Let me back up a bit.  Last week, and some of the week prior, I had a puppy.  Her name, as given to her by her previous owner, was Sporty (it was a working title).  She was the puppy of another PCV’s dog, and, since taking care of an entire litter is not really possible for the average Peace Corps Volunteer, I offered to give her a good home.  Most importantly, though, she was cute.  Like, really cute.  I think the pictures speak for themselves (in case you can't tell, she's the tan one with the white paw).  I spent much of the weekend bonding with her, and, before I knew it, I was heading back to site with her in tow, stuffed somewhat uncomfortably into an impromptu doggie carrier I had MacGyver-ed out of a half-unraveled wicker basket and a kanga (a short, cheap cut of fabric).

The bus ride back home was, in short, nightmarish.  There’s nothing like taking a two-hour walk through town to the main bus stand with an unwilling, un-housebroken puppy in a broken basket, and there’s definitely nothing like sitting for multiple hours on a crowded bus with the same unwilling, un-housebroken puppy with no means of restraint but your own two hands.  By the end of the ordeal, both she and I were hungry, dehydrated, exhausted, demoralized, and covered in dog excrement.  Still, I took some solace in the fact that she was actually slightly better behaved during the ride than the baby sitting next to me, which ultimately helped draw attention away from the fact that I had brought a freaking dog on the bus (a scene somewhat atypical in Tanzania, if not everywhere).

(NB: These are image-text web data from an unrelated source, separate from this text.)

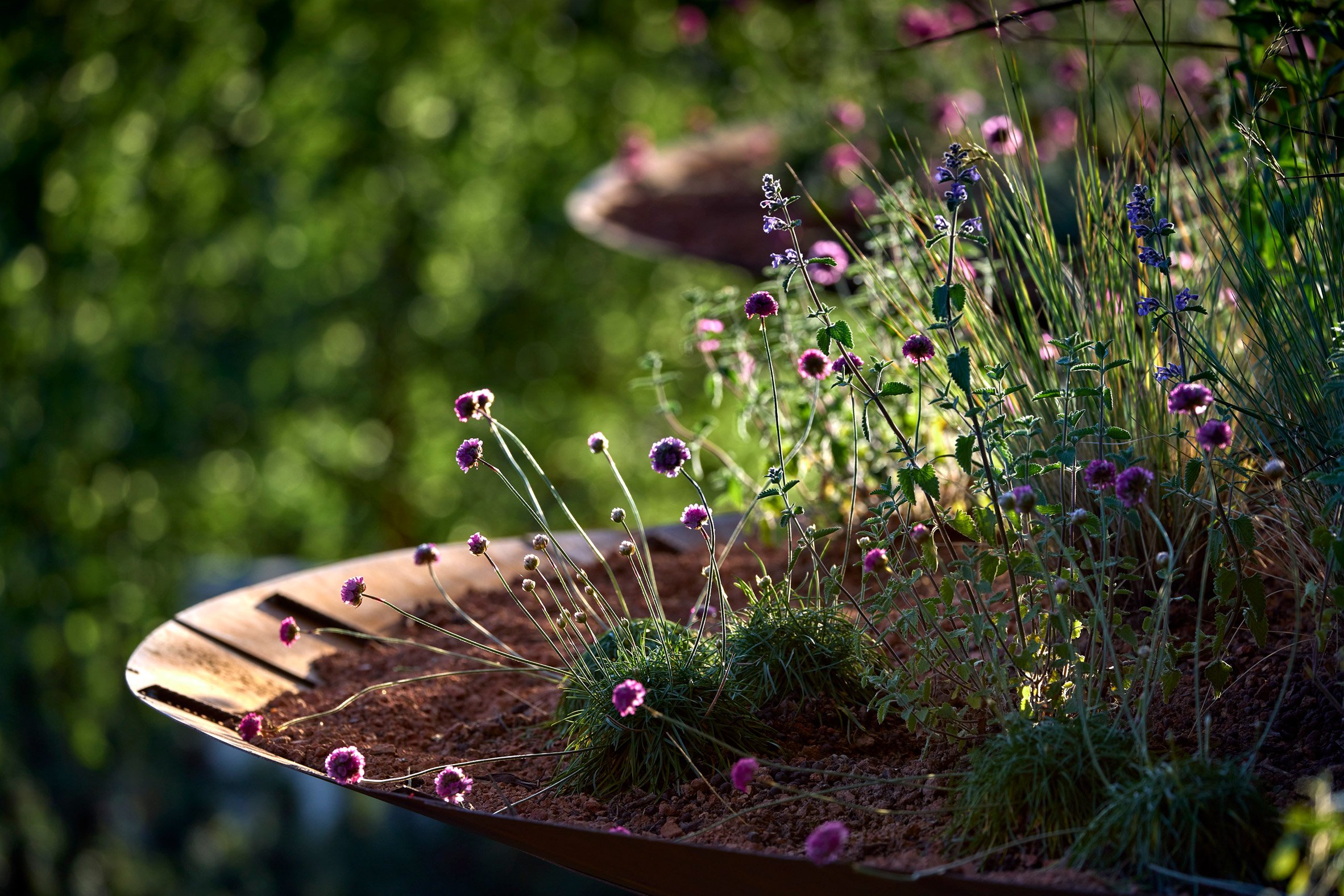 WaterAid 雨水收集綠建築 倫敦切爾西花卉展 RHS Chelsea Flower Show Je Ahn Tom Massey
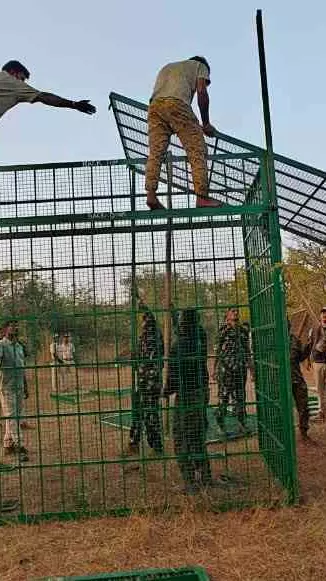 ಚಾಮರಾಜನಗರ: ಗ್ರಾಮಸ್ಥರಿಗೆ ಭೀತಿ ಹುಟ್ಟಿಸಿರುವ ಐದು ಹುಲಿಗಳು; ಸೆರೆಗೆ ಶೂಟರ್‌ಗಳ ನಿಯೋಜನೆ, ಆನೆ ಪಡೆ ಅಗಮನ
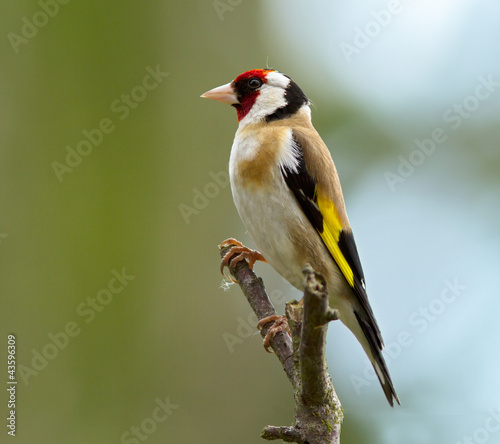 Photo: European Goldfinch, Carduelis carduelis European Goldfinch, Carduelis carduelis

The next few days saw a rapid progression in my mental state regarding my new dog---from being excited for my new puppy, to wanting to strangle my new puppy, to desperately trying to save my new puppy’s life.  Although, for all intents and purposes, she seemed healthy, she had actually just recently recovered from a serious illness that wiped out much of the litter; this meant that, upon our arrival at my site, I was dealing with a puppy that was not only an emotional trainwreck from the trip but also physically weak from her previous affliction.  Both these aspects of her current mental and physical state made themselves abundantly clear within the first five minutes of her being in the house, primarily through her compulsive nervous chewing, whining/howling whenever I was out of her line of sight, or her explosive urination or defecation over pretty much everything of value in my house.  When it was time for bed, I made the grave error of locking her up in a playpen I made out of chicken wire and a closet, which, despite being in full view of my bed, sent her into fits of further howling/explosive urination and defecation, ultimately resulting in her biting through the chicken wire (I repeat---biting through the chicken wire) and, still covered in her own urine and feces, jumping into bed with me to cuddle.

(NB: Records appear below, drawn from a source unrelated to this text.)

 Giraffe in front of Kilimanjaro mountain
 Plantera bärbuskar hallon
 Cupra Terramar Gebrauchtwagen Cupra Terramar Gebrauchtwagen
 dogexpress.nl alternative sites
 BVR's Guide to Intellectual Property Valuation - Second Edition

For the next two days, I was effectively a prisoner in my own house.  I literally couldn’t leave her alone for more than 60 seconds without coming back and finding something destroyed or befouled.  Since I had to go and teach during the day (I’m here to work, after all), I had no choice but to foist her on my neighbors, which I wasn’t terribly enthused about since (a) Tanzanians are not the nicest people to dogs and (b) I wouldn’t wish that little hellion on anyone.  I eventually learned that crate-training is the preferred method of dealing with this problem, since dogs tend not to soil the places they sleep and, if you park them somewhere with lots of stuff going on, you can contain them without their going berserk.  I was more than happy to build a crate for my puppy, but, as it turns out, basic carpentry can be a major pain in the ass in Tanzania: from the overpriced tools to the fact that I would have to wait a week for lumber (which made absolutely no sense, given that there’s a lumber yard ten minutes from my house… and even they wouldn’t sell me any goddamn wood when I asked), I determined that the crate system would have to be a long-term project.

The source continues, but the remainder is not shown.